Once a claim has been filed, the business must take action. It can either negotiate a settlement with the plaintiff or defend itself in court. It cannot simply ignore the claim, even if it believes the claim is not valid.
Damages awarded to a plaintiff in an employment claim can be significant. According to the Insurance Information Institute, the median award for an EPLI claim in 2014 was $87,975. Even if the business defeats the suit, it must pay an attorney to investigate the claim and provide a defense.
There is no standard EPLI policy form, so coverage varies widely from one insurer to the next. EPLI coverage may be written by itself or combined with other coverages. It is often written in conjunction with directors and officers liability coverage as part of a management liability policy. It may also be added via an endorsement to a commercial package policy. Your agent or broker can hep you decide which option is best for your business.
Virtually all EPLI policies cover claims arising from discrimination, harassment, and wrongful termination. Note that harassment (sexual or otherwise) is a type of discrimination. Many policies also cover claims for other types of workplace torts. Here are examples of acts that might be included in a policy.
To be covered, these acts must be employment-related.
- Failure to hire or promote
- Invasion of privacy
- Defamation (including libel and slander) and humiliation
- Wrongful demotion
- Wrongful discipline
- Deprivation of career opportunity
- Negligent evaluation
- Violation of civil rights law (federal, state or local)
Covers Intentional Acts
Many of the claims covered by EPLI policies result from intentional acts committed by a business or its employees. For example, suppose that you fire Fred, an employee of yours, for poor performance. Fred later sues your firm for wrongful termination. He claims that he was fired because of his age (60), not his performance. Fred's suit contends that your actions violated his civil rights under federal anti-discrimination laws. Terminating Fred was an act you committed intentionally. A court will determine whether your acts were discriminatory and if so, what damages should be awarded to Fred. If you want to avoid the cost and publicity of a trial, you can settle Fred's suit out of court.
Here are some exclusions often found in EPLI policies:
- Occupational Safety and Health Act (OSHA) violations
- Failure to comply with workers compensation laws
- Fair Labor Standards Act violations
- Consolidated Omnibus Budget Reconciliation Act (COBRA) violations
- Worker Adjustment and Retraining Notification (WARN) Act violations
- Employee Retirement Income Security Act (ERISA) violations
- Strikes, lockouts, and other labor disputes
- Payments expressly owed under an employment contract if the contract is terminated
- Stock options and employee benefits other than back pay and front pay (future earnings)
Most EPLI policies are claims-made.
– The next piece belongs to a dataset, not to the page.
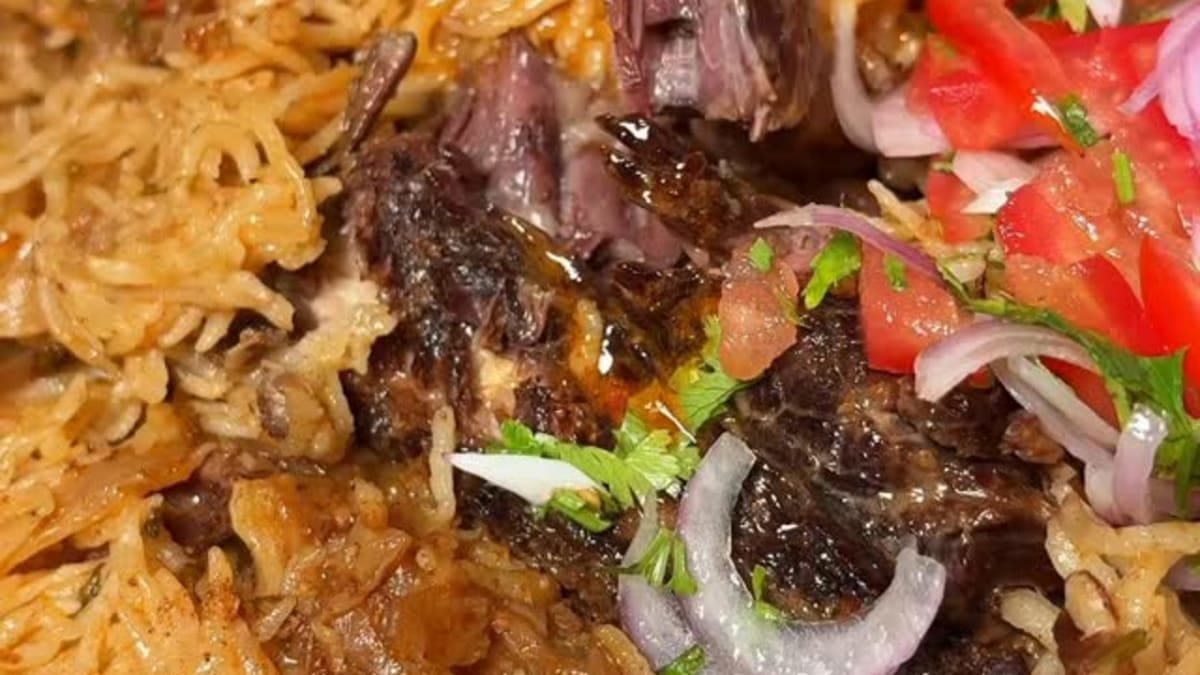 Pressure Cooker Ribs with Spiced Rice – 64-Minute Recipe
This means that policies cover claims made against the insured business during the policy period. If a business decides to terminate its EPLI coverage, it should consider purchasing an extended reporting period. Without this extension, the company will have no coverage for claims that arise after the policy ends.
Many EPLI policies contain an Each Claim limit and an Aggregate limit.
Many also include a self-insured retention (SIR) that applies to each claim. The SIR typically applies to both defense costs and damages. Many, but not all, EPLI policies cover punitive damages where the payment of such damages is allowed by law. In many policies, defense costs are included (reduce) the limit of insurance. Depending on the policy, you (the policyholder) or the insurer may be responsible for defending claims. No matter who is providing a defense, the insurer may have the right to approve counsel.
Many EPLI policies include a clause stating that the insurer will not settle claims without the policyholder's consent. Even so, policies will often contain a "consent to settle" (hammer) clause. This clause imposes a penalty if the policyholder refuses to consent to an initial settlement that is agreed to by the claimant and recommended by the insurer.
EPLI coverage should be one element of a robust risk management plan. You can prevent most claims from occurring by establishing proper employment policies and procedures. It is your obligation as a business owner to understand your obligations under local, state and federal anti-discrimination laws. If you aren't familiar with these laws, ask your attorney to explain them to you.